Le travail photographique de Johan Van der Keuken était resté jusqu’à présent dans l’ombre de ses films, dans leur écho. Origine, prolongement, excroissance, électron libre, injustement considérée par les censeurs de la photographie, cette part du travail du cinéaste est l’objet d’un hommage rendu par la Galerie Agathe Gaillard au réalisateur hollandais, décédé en janvier dernier à l’âge de 62 ans.

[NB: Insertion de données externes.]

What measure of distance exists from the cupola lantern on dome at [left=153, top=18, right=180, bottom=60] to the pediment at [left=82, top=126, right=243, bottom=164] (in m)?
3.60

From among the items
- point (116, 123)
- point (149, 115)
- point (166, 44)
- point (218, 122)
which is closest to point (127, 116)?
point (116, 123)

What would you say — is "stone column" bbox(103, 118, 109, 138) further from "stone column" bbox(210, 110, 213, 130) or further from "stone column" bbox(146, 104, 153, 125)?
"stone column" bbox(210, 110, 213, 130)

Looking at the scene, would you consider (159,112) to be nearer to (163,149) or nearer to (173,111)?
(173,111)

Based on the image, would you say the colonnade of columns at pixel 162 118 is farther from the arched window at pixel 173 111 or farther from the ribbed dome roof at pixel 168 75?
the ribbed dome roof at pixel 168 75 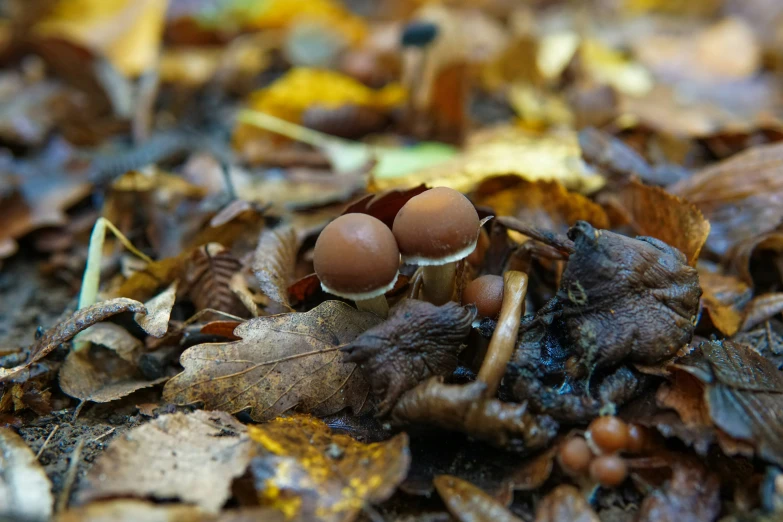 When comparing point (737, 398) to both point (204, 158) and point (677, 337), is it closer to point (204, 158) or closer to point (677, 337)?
point (677, 337)

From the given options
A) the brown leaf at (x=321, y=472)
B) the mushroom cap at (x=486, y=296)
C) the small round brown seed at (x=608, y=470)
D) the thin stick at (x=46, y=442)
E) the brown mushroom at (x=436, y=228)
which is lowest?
the thin stick at (x=46, y=442)

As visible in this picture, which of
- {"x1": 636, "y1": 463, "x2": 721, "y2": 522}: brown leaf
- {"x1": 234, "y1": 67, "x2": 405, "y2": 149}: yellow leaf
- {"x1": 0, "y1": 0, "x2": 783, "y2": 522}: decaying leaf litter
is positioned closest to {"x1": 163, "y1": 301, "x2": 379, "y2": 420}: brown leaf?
{"x1": 0, "y1": 0, "x2": 783, "y2": 522}: decaying leaf litter

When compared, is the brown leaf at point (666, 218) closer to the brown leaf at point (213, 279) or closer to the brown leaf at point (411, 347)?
the brown leaf at point (411, 347)

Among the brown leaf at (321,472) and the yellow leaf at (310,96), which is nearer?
the brown leaf at (321,472)

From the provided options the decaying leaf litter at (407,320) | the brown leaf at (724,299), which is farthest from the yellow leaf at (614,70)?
the brown leaf at (724,299)

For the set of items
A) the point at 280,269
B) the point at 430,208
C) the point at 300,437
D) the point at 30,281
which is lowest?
the point at 30,281

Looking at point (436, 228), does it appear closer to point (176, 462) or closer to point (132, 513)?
point (176, 462)

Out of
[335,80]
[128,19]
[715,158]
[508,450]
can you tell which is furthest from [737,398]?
[128,19]

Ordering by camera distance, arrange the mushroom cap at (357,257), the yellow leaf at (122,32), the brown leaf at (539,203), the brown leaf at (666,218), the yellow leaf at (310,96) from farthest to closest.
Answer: the yellow leaf at (122,32) → the yellow leaf at (310,96) → the brown leaf at (539,203) → the brown leaf at (666,218) → the mushroom cap at (357,257) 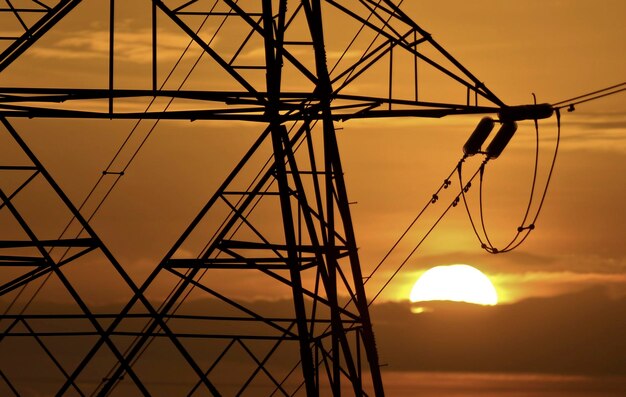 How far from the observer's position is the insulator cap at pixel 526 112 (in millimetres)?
31203

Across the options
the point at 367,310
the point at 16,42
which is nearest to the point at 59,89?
the point at 16,42

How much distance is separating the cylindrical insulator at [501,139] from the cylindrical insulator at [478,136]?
8.2 inches

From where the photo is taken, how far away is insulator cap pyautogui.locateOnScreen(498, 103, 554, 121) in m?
31.2

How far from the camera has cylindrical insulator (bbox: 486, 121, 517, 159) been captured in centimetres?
3122

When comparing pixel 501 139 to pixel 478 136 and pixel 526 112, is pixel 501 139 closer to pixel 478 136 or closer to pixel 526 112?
pixel 478 136

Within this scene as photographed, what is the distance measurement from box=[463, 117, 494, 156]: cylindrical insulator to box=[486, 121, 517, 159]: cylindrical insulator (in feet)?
0.68

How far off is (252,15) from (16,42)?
4.98m

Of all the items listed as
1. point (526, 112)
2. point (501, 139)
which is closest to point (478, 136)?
point (501, 139)

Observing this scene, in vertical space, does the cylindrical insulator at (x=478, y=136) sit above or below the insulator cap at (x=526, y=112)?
below

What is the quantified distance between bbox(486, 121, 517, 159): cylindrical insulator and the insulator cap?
13 cm

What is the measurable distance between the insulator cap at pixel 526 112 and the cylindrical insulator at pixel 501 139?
0.41 feet

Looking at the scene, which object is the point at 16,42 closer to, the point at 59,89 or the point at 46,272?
the point at 59,89

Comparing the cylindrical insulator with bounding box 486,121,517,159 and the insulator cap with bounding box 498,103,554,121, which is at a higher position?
the insulator cap with bounding box 498,103,554,121

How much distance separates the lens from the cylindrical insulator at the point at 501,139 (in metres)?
31.2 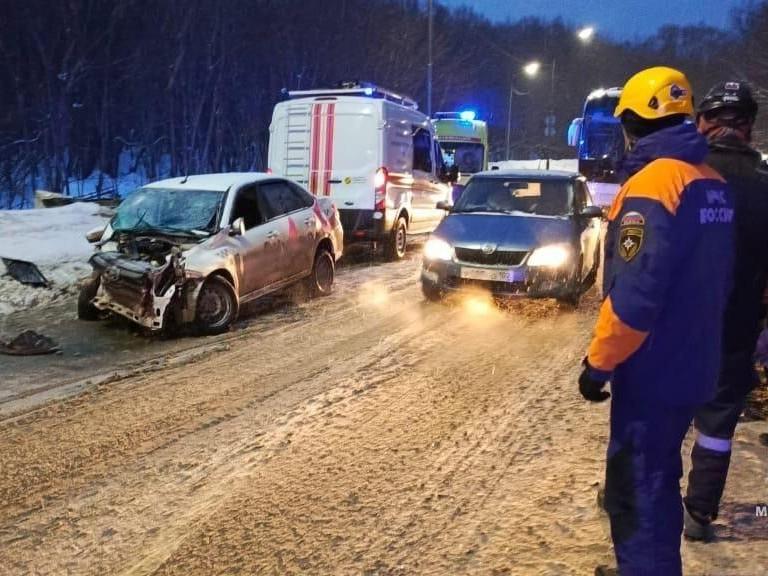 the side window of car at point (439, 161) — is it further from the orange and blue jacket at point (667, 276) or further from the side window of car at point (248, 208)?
the orange and blue jacket at point (667, 276)

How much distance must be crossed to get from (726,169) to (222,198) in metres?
5.81

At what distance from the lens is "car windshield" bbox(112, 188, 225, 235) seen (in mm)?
7488

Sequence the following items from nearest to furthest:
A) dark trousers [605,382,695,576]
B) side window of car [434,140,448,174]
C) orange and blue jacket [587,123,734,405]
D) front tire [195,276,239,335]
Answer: orange and blue jacket [587,123,734,405] → dark trousers [605,382,695,576] → front tire [195,276,239,335] → side window of car [434,140,448,174]

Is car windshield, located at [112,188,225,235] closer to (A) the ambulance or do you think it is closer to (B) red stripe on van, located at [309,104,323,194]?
(B) red stripe on van, located at [309,104,323,194]

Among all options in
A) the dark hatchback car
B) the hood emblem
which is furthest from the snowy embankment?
the dark hatchback car

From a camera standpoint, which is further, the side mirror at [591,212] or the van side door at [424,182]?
the van side door at [424,182]

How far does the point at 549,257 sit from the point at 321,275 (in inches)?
123

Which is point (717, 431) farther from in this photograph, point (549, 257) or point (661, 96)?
point (549, 257)

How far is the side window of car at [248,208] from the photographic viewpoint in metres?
7.76

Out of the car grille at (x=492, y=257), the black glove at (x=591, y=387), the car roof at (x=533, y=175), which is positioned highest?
the car roof at (x=533, y=175)

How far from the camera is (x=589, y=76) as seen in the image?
204ft

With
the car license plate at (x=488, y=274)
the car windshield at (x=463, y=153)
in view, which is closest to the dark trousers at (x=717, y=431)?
the car license plate at (x=488, y=274)

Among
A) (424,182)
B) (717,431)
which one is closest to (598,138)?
(424,182)

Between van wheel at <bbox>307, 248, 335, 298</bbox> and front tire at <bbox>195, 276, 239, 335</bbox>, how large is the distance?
183cm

Pourtant la pratique de la photographie est déterminante pour Van der Keuken, en ce qu’elle précède et accompagne son oeuvre de cinéaste, comme un ami fidèle et discret. Initié par son grand-père à cette technique à l’âge de douze ans, il publie son premier ouvrage, Nous avons dix-sept ans, cinq ans plus tard. A la suite de cette publication, il reçoit une bourse et vient en France suivre les cours de l’IDHEC. La photographie n’y fait pas encore l’objet d’un enseignement propre.
Tacitement liés, le cinéma et la photographie font rarement bon ménage, moins par impossibilité de principe que par la place que s’accordent les deux disciplines, faux jumeaux puisant à la même source la matière de leur identité. Chez Van der Keuken cette dualité s’efface devant la puissance des images. Le photographe ne s’égare pas et cerne son territoire en composant avec les moyens que lui propose le médium. La photographie, à la différence du cinéma, doit tout dire en une image, frapper avec assez de justesse pour saisir le regard et le rassasier.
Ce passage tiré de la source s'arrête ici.